Print the entries underneath word for word, omitting whatever pictures they contain.

=====

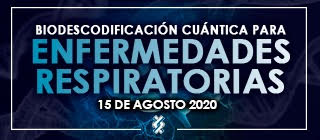 banner para SANACIÓN CON LOS ÁNGELES, ARCANGELES Y MAESTROS ASCENDIDOS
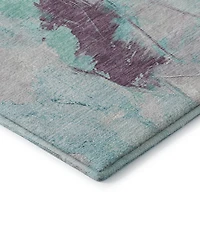 Addison Mayfield AMF1914 3' x 5' Area Rug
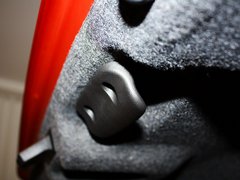 迈锐宝 2012款 2.0SL 自动 舒适版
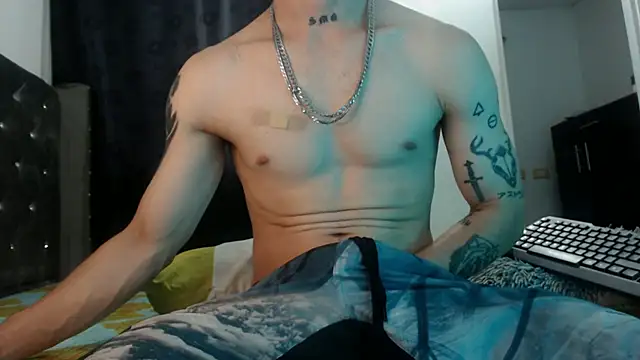 TylerBelfort online show from 19, 6, 2026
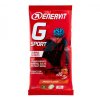 Enervit Isotonic Drink (G Sport) 300g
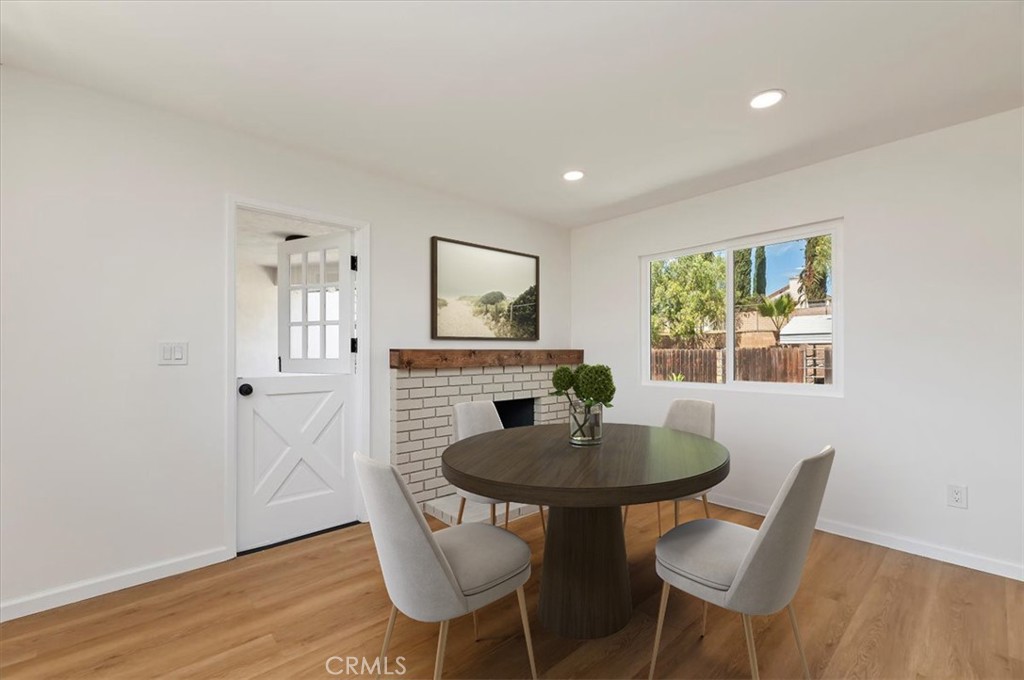 3091 Kips Korner Road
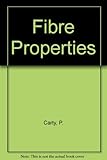Fibre properties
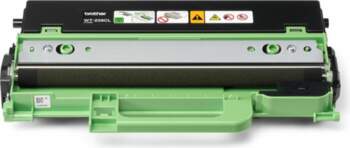 Brother   (Printer Drum Original 1 Pc(S))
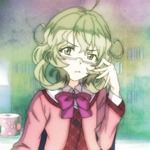 sasami-san@ganbaranai-91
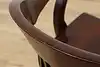 Thumbnail image 14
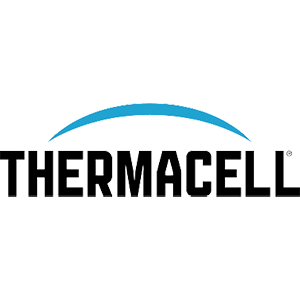 Thermacell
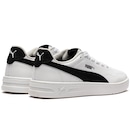 Tênis Puma Court Lally BDP Feminino - Foto 4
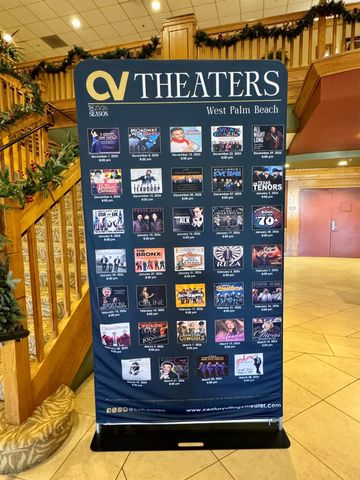 148 Bedford F, West Palm Beach, FL 33417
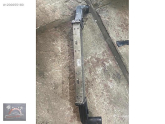 Oto Çıkma Parça / Lada / 111 / Radyatör / İntercooler / Çıkma Parça 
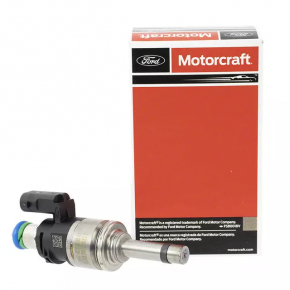 Injector nozzle Ford Fusion mk5 13-20 1.5T
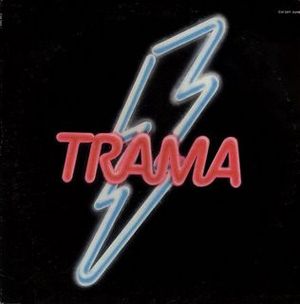 Trama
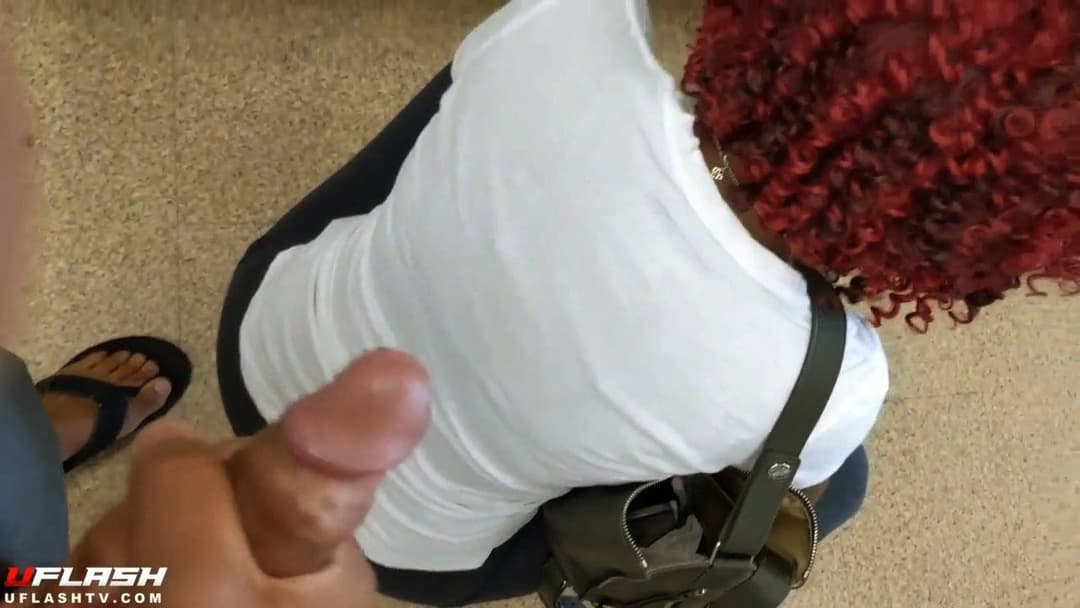 Shark Attack (WILD!)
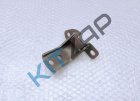 ����� �������� ����� ����� �������  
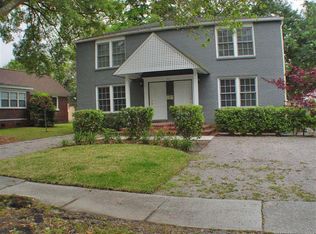 21 Beverly Rd APT A, Charleston, SC 29407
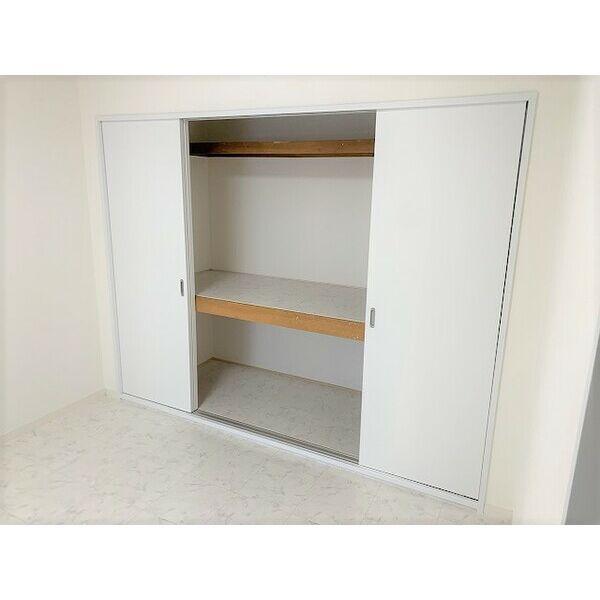 その他　※写真は別号室です。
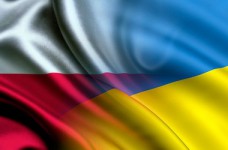 Украина и Польша продолжат сотрудничество в образовании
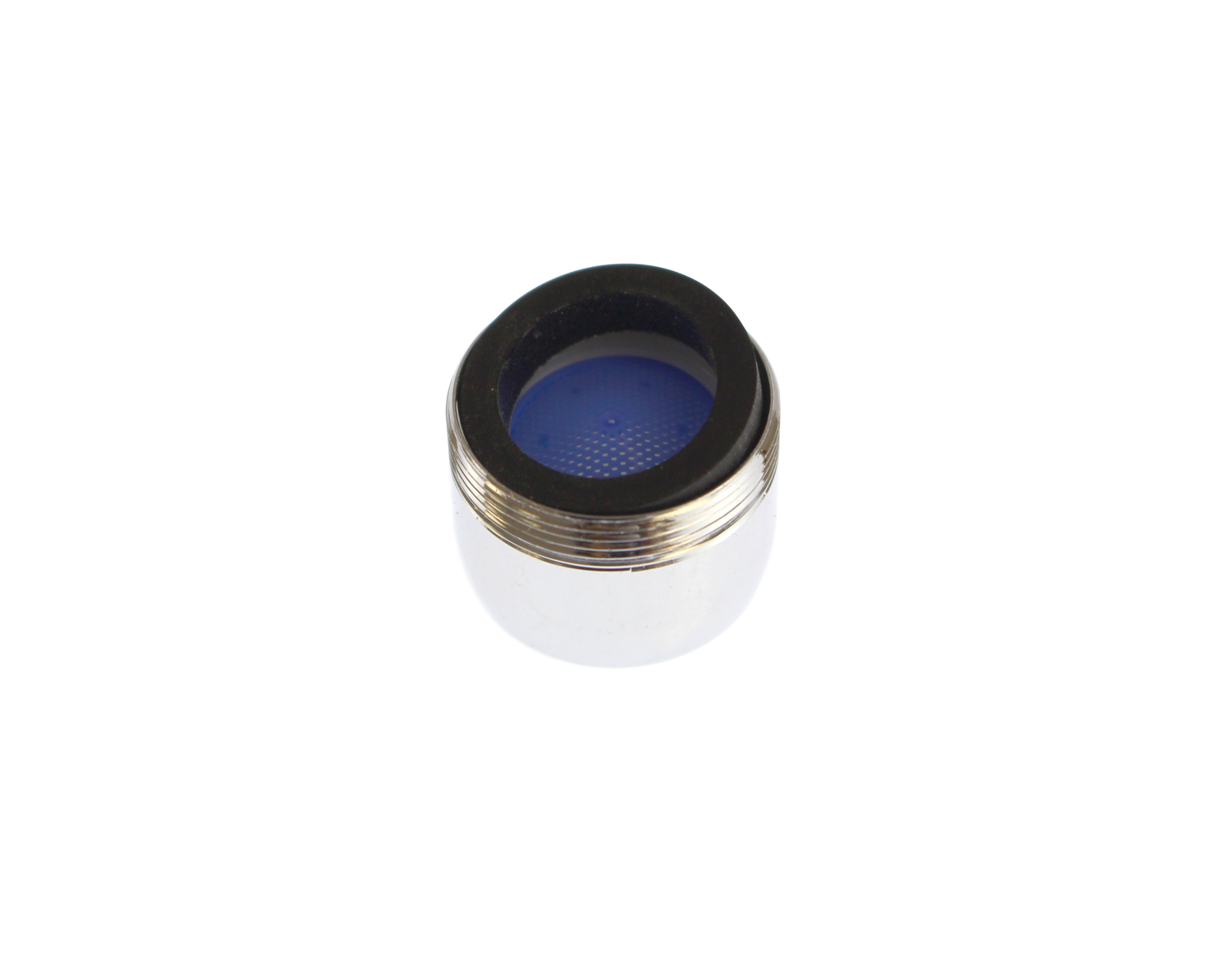 ULN400 - Genuine OEM Master Plumber Faucet Aerator, Dual Thread, Chrome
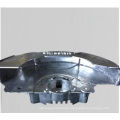 Aluminum Auto Engine Accessory Part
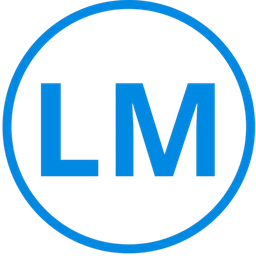 Logo Labman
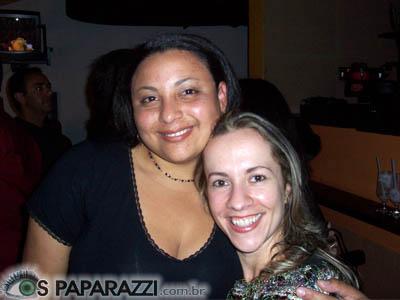 Buxixo Bar - 17/09/2005 / Mogi das Cruzes - SP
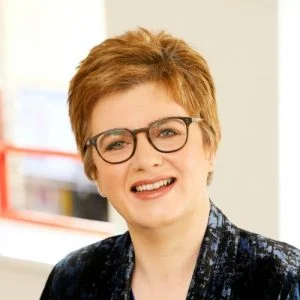 margot-slattery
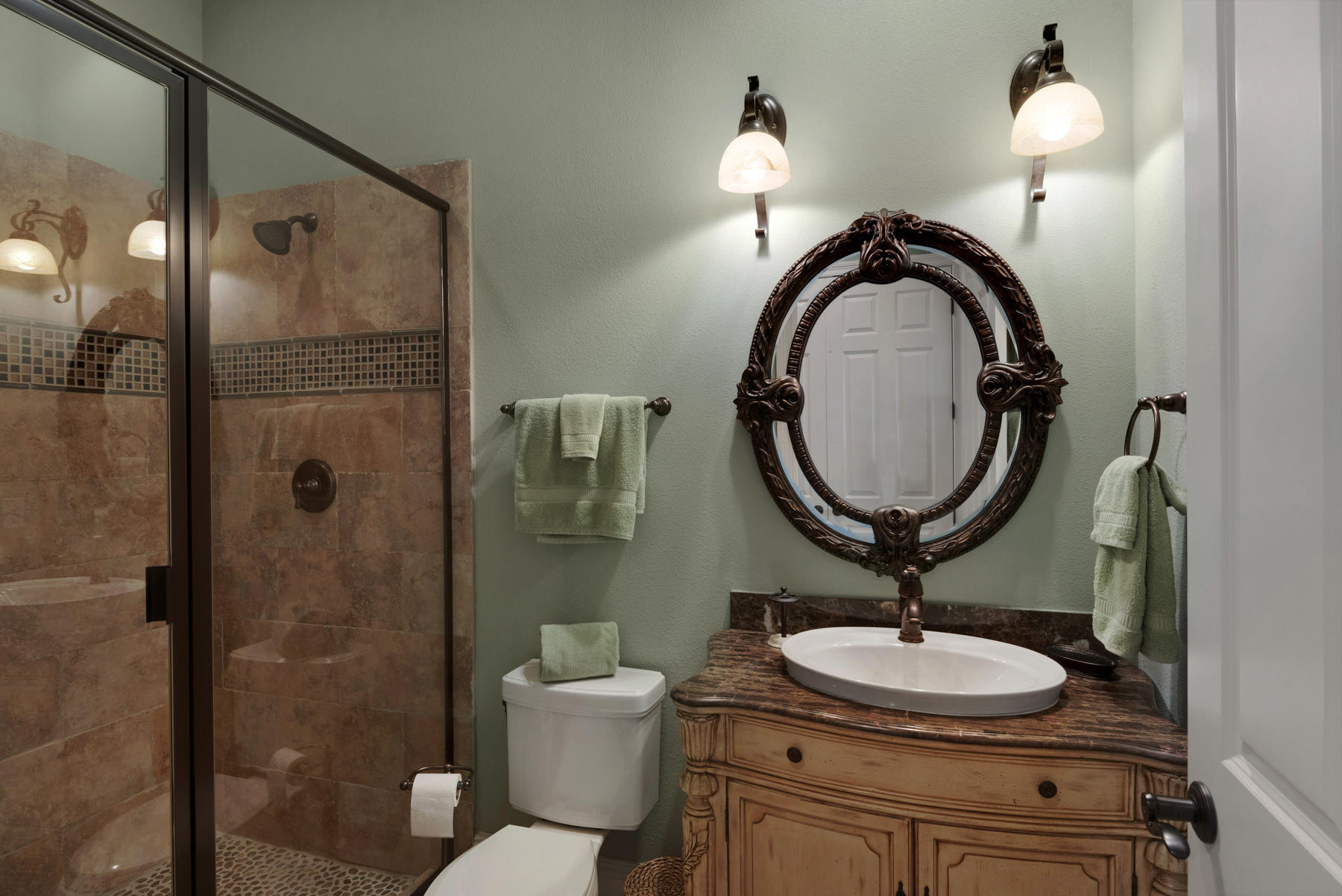 REGATTA BAY PH 2 - Residential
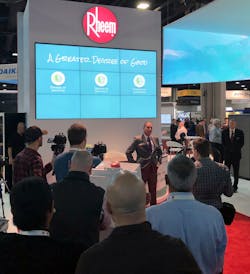 Www Contractingbusiness Com Sites Contractingbusiness com Files John Fitzgerald Rheem Ahr Www Contractingbusiness Com Sites Contractingbusiness com Files John Fitzgerald Rheem Ahr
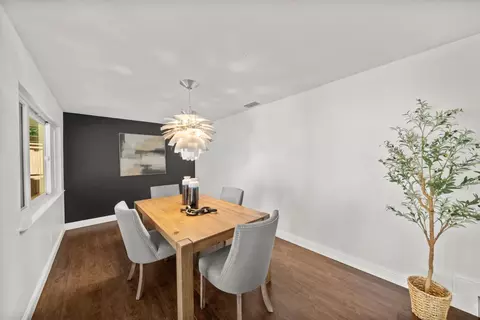 Dining - 6609 Penney Way, Carmichael, CA 95608 photo 4 of 5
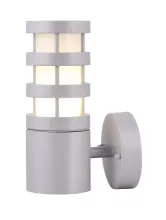Настенный фонарь уличный Portico A8371AL-1GY купить с доставкой по России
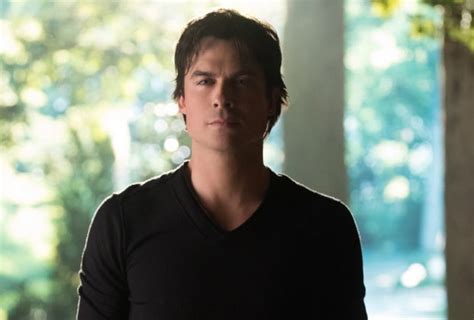 Ratings for “The Vampire Diaries” Series Finale | TVLine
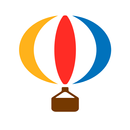 Offline-Karten und Reiseführer APK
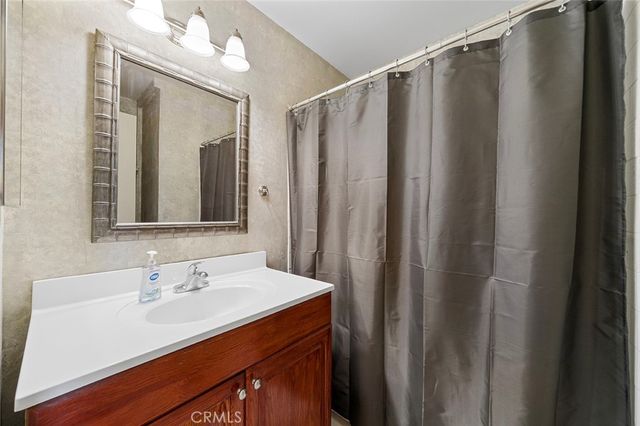 15333 Mockingbird Hill, Hacienda Heights, CA 91745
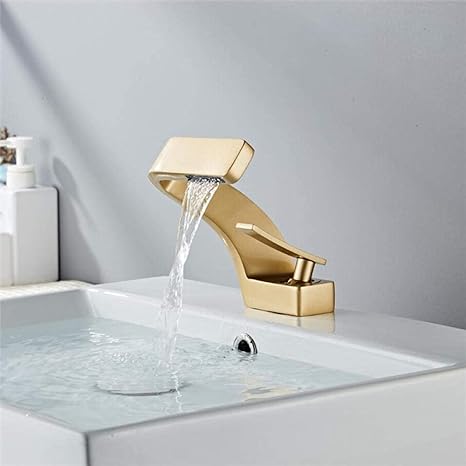 Arvid – Digitaler Wasserhahn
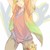 :iconritsushka:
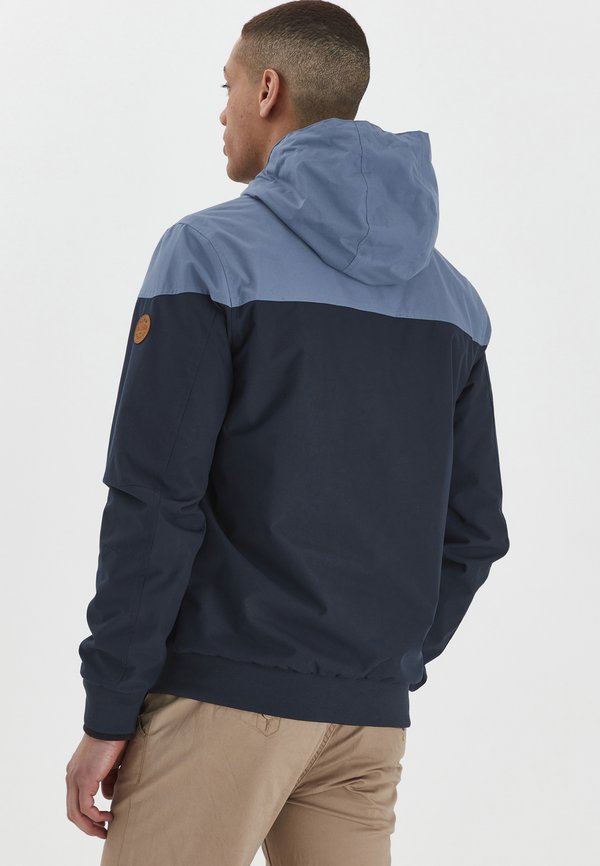 BHMELON - Outdoor jacket3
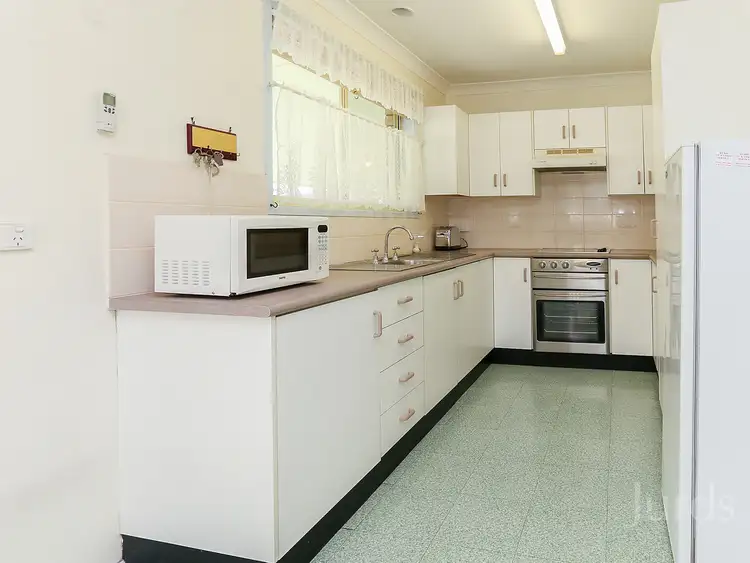 Fifth view of Homely house listing, 147 Rawson Street, Aberdare NSW 2325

=====

## Response to the exercise
 banner para SANACIÓN CON LOS ÁNGELES, ARCANGELES Y MAESTROS ASCENDIDOS
 Addison Mayfield AMF1914 3' x 5' Area Rug
 迈锐宝 2012款 2.0SL 自动 舒适版
 TylerBelfort online show from 19, 6, 2026
 Enervit Isotonic Drink (G Sport) 300g
 3091 Kips Korner Road
Fibre properties
 Brother   (Printer Drum Original 1 Pc(S))
 sasami-san@ganbaranai-91
 Thumbnail image 14
 Thermacell
 Tênis Puma Court Lally BDP Feminino - Foto 4
 148 Bedford F, West Palm Beach, FL 33417
 Oto Çıkma Parça / Lada / 111 / Radyatör / İntercooler / Çıkma Parça 
 Injector nozzle Ford Fusion mk5 13-20 1.5T
 Trama
 Shark Attack (WILD!)
 ����� �������� ����� ����� �������  
 21 Beverly Rd APT A, Charleston, SC 29407
 その他　※写真は別号室です。
 Украина и Польша продолжат сотрудничество в образовании
 ULN400 - Genuine OEM Master Plumber Faucet Aerator, Dual Thread, Chrome
 Aluminum Auto Engine Accessory Part
 Logo Labman
 Buxixo Bar - 17/09/2005 / Mogi das Cruzes - SP
 margot-slattery
 REGATTA BAY PH 2 - Residential
 Www Contractingbusiness Com Sites Contractingbusiness com Files John Fitzgerald Rheem Ahr Www Contractingbusiness Com Sites Contractingbusiness com Files John Fitzgerald Rheem Ahr
 Dining - 6609 Penney Way, Carmichael, CA 95608 photo 4 of 5
Настенный фонарь уличный Portico A8371AL-1GY купить с доставкой по России
 Ratings for “The Vampire Diaries” Series Finale | TVLine
 Offline-Karten und Reiseführer APK
 15333 Mockingbird Hill, Hacienda Heights, CA 91745
 Arvid – Digitaler Wasserhahn
 :iconritsushka:
 BHMELON - Outdoor jacket3
 Fifth view of Homely house listing, 147 Rawson Street, Aberdare NSW 2325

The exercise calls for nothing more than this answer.